PROBLEM STATEMENT - Below are the entries; give again exactly the lines from the one mentioning "世界杯主办国赛事经济影响分析及未来发展趋势研究" through the one mentioning "ヴァースクレイシアIDZ大泉学園：交通図", inclusive.

TASK INPUT -
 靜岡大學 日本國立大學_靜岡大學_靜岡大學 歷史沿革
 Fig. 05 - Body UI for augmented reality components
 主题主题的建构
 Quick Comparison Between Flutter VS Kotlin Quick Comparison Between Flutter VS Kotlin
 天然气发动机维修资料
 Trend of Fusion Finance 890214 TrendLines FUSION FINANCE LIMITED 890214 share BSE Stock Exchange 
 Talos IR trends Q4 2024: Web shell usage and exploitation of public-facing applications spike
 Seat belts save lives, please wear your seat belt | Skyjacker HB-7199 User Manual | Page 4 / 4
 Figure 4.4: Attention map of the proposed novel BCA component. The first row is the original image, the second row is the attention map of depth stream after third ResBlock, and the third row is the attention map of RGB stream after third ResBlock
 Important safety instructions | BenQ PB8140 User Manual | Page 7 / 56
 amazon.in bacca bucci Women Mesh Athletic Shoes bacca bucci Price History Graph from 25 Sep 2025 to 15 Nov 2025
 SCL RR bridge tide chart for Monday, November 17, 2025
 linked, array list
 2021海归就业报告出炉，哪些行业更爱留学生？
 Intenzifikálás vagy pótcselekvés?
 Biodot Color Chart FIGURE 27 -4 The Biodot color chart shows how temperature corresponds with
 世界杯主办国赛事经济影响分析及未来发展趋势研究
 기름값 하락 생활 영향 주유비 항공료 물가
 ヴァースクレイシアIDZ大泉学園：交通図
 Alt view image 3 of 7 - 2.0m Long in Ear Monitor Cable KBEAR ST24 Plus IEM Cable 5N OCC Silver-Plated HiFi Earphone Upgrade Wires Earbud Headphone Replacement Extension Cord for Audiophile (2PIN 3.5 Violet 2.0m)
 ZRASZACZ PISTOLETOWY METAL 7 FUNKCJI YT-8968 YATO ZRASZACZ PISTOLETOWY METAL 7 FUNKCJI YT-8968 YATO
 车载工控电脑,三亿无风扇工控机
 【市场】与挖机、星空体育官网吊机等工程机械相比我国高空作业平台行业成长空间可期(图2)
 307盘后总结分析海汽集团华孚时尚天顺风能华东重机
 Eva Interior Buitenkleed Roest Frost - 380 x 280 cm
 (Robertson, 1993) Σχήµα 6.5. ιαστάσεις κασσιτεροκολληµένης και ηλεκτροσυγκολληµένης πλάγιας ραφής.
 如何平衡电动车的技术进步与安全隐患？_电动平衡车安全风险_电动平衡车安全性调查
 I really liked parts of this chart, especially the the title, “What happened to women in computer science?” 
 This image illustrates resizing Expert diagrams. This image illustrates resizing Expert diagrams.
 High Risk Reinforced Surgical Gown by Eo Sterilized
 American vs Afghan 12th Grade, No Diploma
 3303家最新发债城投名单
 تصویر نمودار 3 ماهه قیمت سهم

RESPONSE FOR THIS EXERCISE -
 世界杯主办国赛事经济影响分析及未来发展趋势研究
 기름값 하락 생활 영향 주유비 항공료 물가
 ヴァースクレイシアIDZ大泉学園：交通図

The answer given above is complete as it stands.